▶ Entries supplied
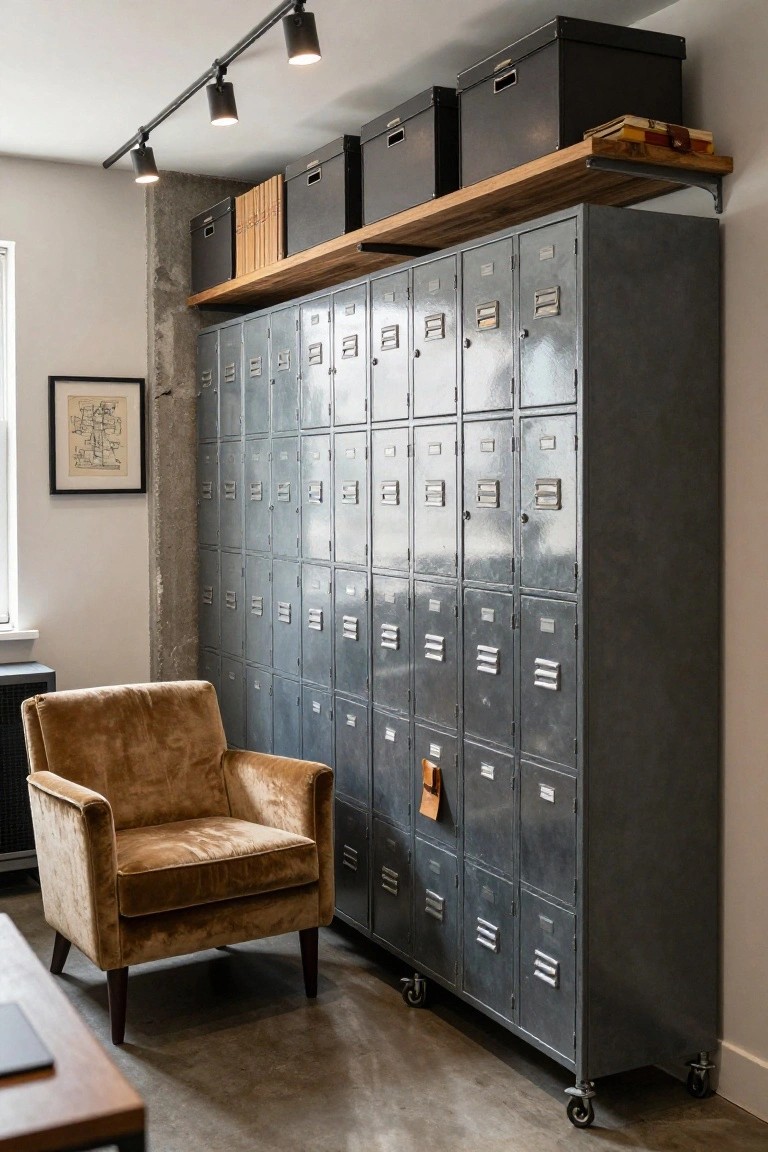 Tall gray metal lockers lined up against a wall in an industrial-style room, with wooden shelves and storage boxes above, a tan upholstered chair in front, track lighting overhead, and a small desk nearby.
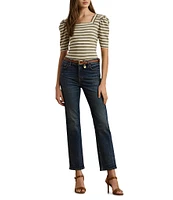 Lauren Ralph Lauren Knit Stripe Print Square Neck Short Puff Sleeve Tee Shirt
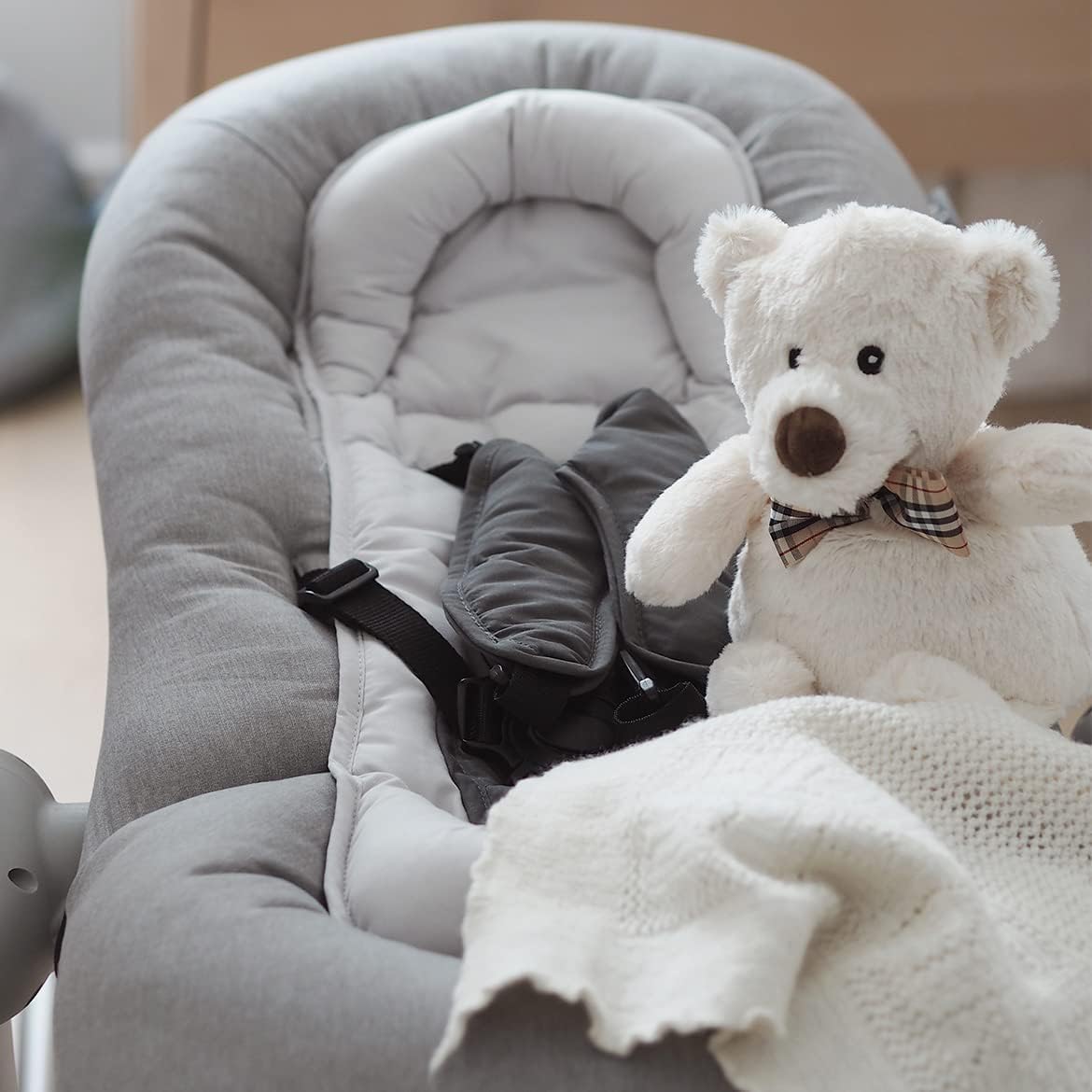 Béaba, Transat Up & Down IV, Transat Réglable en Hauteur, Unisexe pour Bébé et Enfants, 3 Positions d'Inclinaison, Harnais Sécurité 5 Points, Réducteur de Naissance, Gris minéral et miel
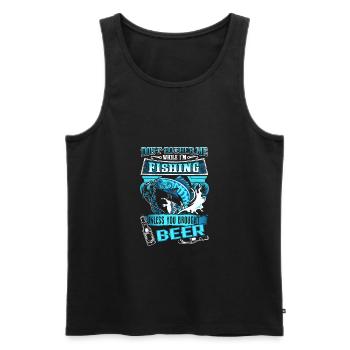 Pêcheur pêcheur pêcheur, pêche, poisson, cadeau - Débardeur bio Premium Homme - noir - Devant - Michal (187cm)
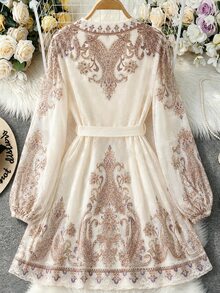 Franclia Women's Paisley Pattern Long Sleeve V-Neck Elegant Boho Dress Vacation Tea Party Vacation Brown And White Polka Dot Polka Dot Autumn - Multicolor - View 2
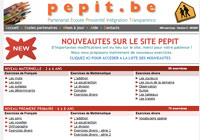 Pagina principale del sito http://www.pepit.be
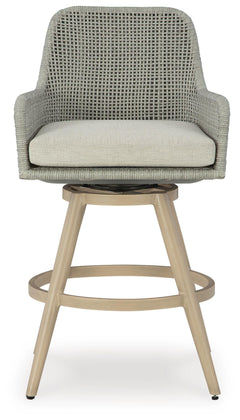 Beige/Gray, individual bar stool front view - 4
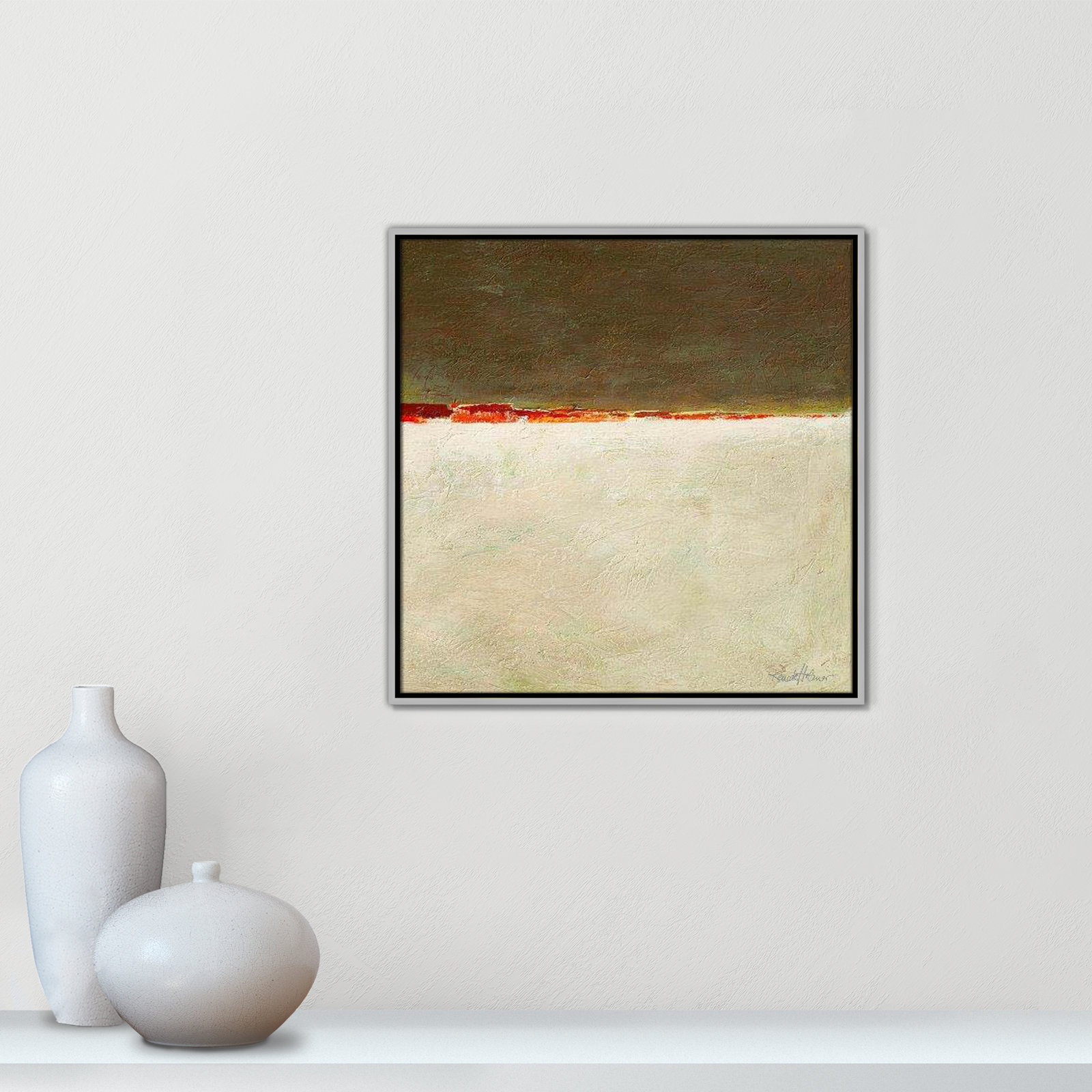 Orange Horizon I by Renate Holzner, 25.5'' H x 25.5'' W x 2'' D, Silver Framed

---

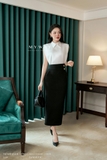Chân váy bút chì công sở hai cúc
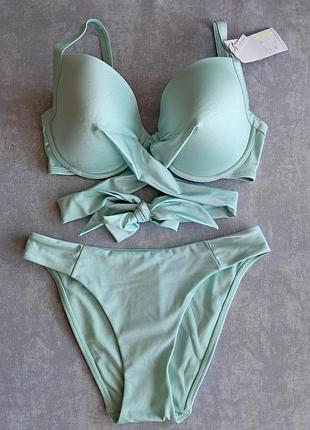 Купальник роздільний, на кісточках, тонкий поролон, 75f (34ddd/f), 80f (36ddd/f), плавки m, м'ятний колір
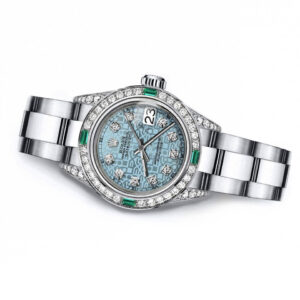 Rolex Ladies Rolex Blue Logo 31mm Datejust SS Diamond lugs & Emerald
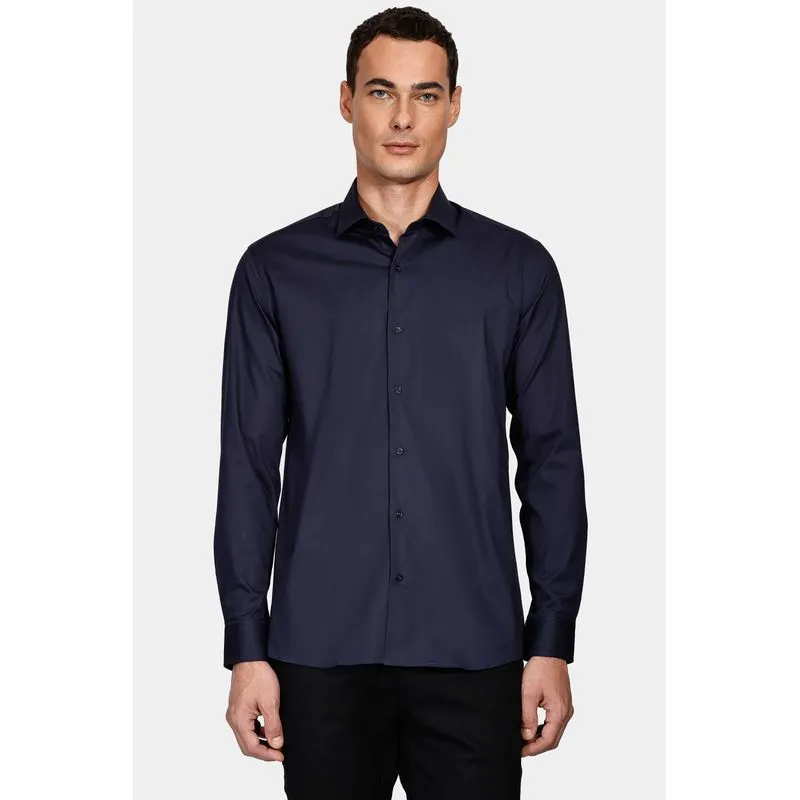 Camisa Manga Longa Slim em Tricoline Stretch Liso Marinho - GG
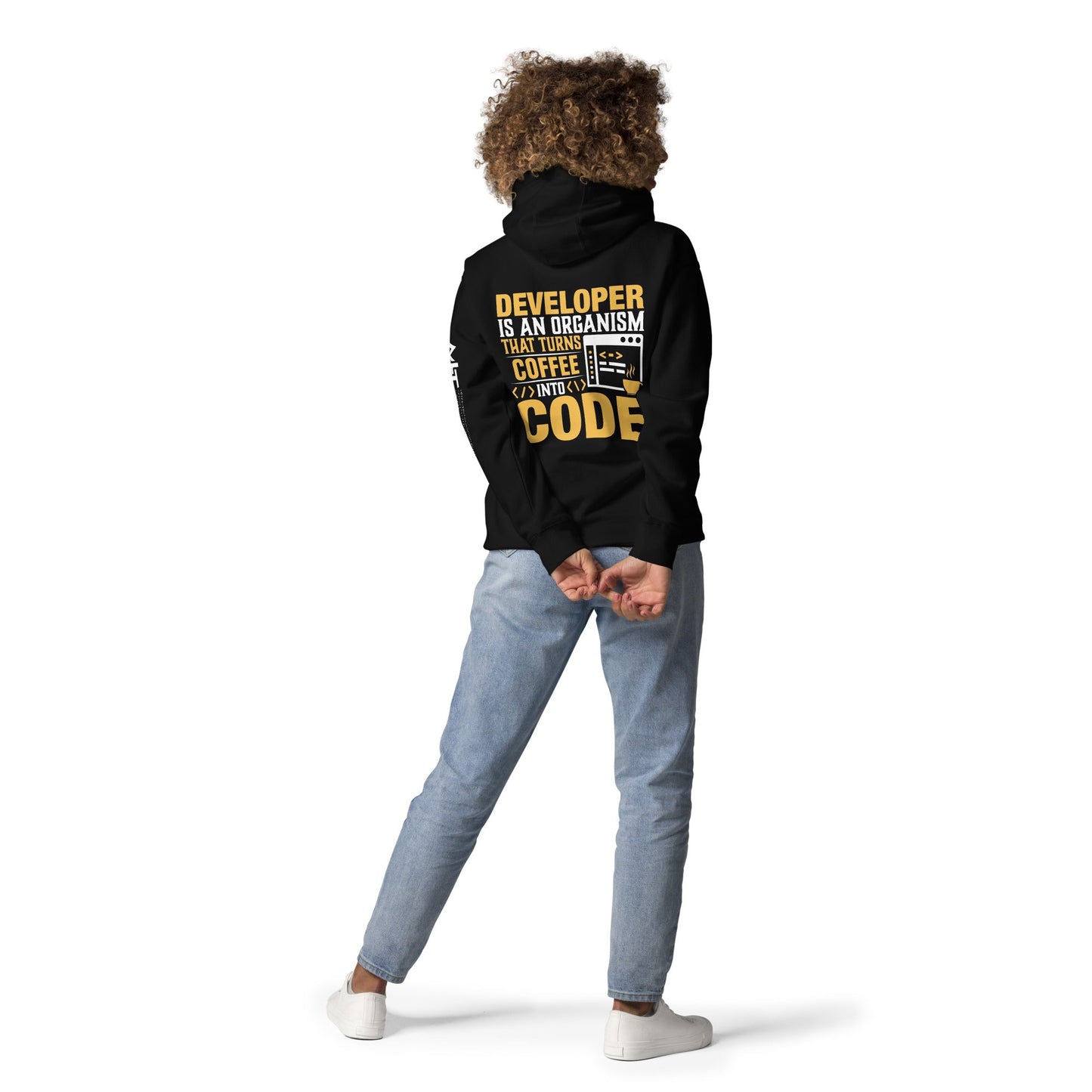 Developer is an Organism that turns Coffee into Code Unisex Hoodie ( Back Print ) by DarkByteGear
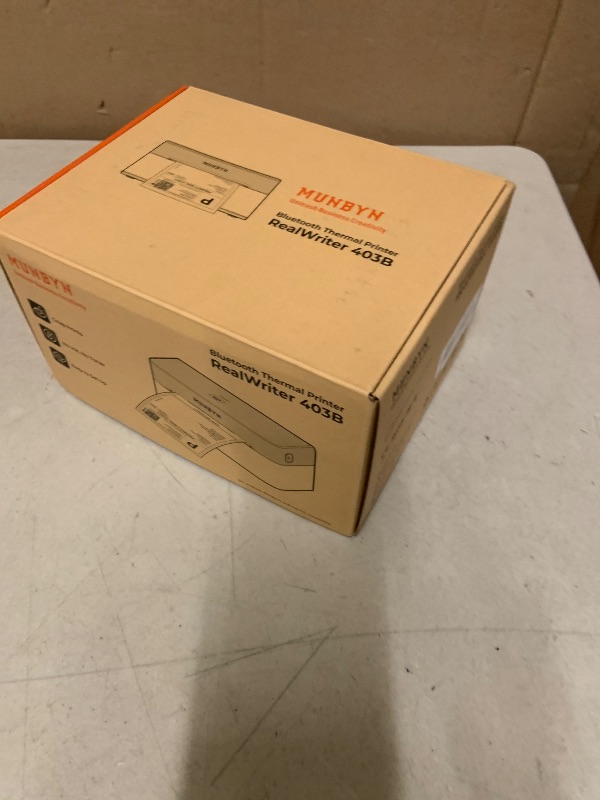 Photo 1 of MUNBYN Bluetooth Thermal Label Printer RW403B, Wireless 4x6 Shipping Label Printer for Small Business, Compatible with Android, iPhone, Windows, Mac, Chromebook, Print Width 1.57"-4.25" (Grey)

▶ Description of the task
Nothing but the lines from the one containing "Tall gray metal" through the one containing "Pêcheur pêcheur pêcheur, pêche, poisson, cadeau" should appear, copied exactly from the material above and without pictures.

▶ Response to this task
 Tall gray metal lockers lined up against a wall in an industrial-style room, with wooden shelves and storage boxes above, a tan upholstered chair in front, track lighting overhead, and a small desk nearby.
 Lauren Ralph Lauren Knit Stripe Print Square Neck Short Puff Sleeve Tee Shirt
 Béaba, Transat Up & Down IV, Transat Réglable en Hauteur, Unisexe pour Bébé et Enfants, 3 Positions d'Inclinaison, Harnais Sécurité 5 Points, Réducteur de Naissance, Gris minéral et miel
 Pêcheur pêcheur pêcheur, pêche, poisson, cadeau - Débardeur bio Premium Homme - noir - Devant - Michal (187cm)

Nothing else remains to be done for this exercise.